DFT Studies on the performance of Pristine and Si-doped Fullerenes (C20 and SiC19) as Adsorbent and Sensor for Methyl Paraben

The research investigated the performances of pristine and Si-doped fullerenes (C20 and SiC19) as an adsorbent and sensor for the removal and detection of methyl paraben (MP) using density functional theory computations. The results indicated that MP interaction with C20 is experimentally impossible, endothermic, and non-spontaneous, suggesting that C20 is not an effective adsorbent for the removal of MP. On the other hand, MP adsorption on the surface of SiC19 is experimentally feasible, exothermic, spontaneous, and thermodynamically reversible, indicating that SiC19 could be a potential adsorbent for the removal of MP. The study also scrutinized the effects of water as the solvent and changing temperature on the thermodynamic parameters.
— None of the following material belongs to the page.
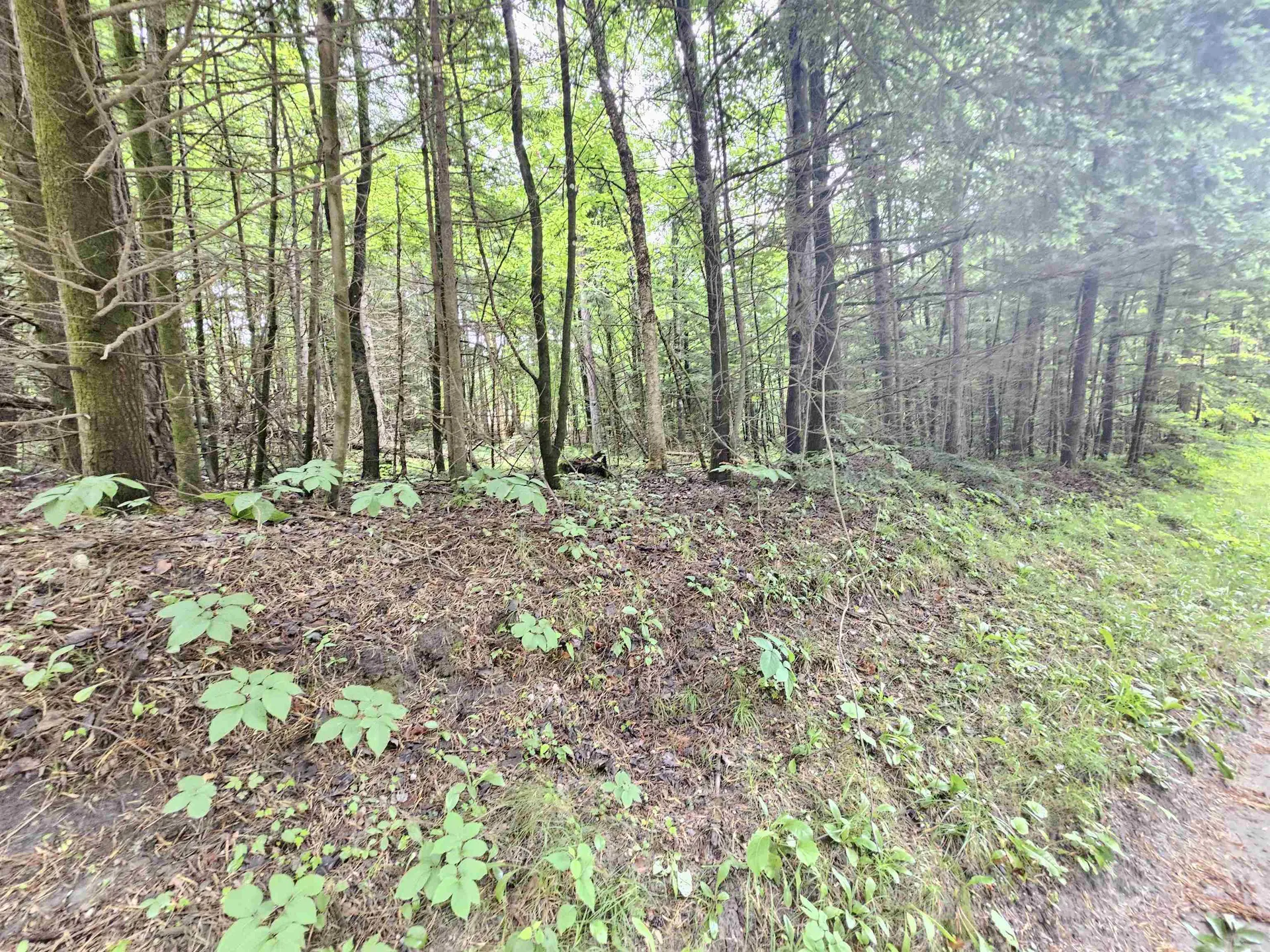 101 New Boston Road Lyndon VT 05851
The findings revealed that both parameters do not have any meaningful effects on the interactions in the case of both adsorbents. Additionally, the Frontier Molecular Orbital (FMO) analysis showed that SiC19is more conductive than C20. Moreover, the bandgap of C20 did not experience significant changes during the adsorption process, while the bandgap of SiC19 decreased from 5.840 eV to 3.270 eV. This implies that Si-doped fullerene can be utilized as a good electrocatalytic modifier for the electrochemical detection of methyl paraben. In conclusion, the research provides valuable insights into the potential use of Si-doped fullerene (SiC19) as an effective adsorbent and sensor for the removal and detection of methyl paraben.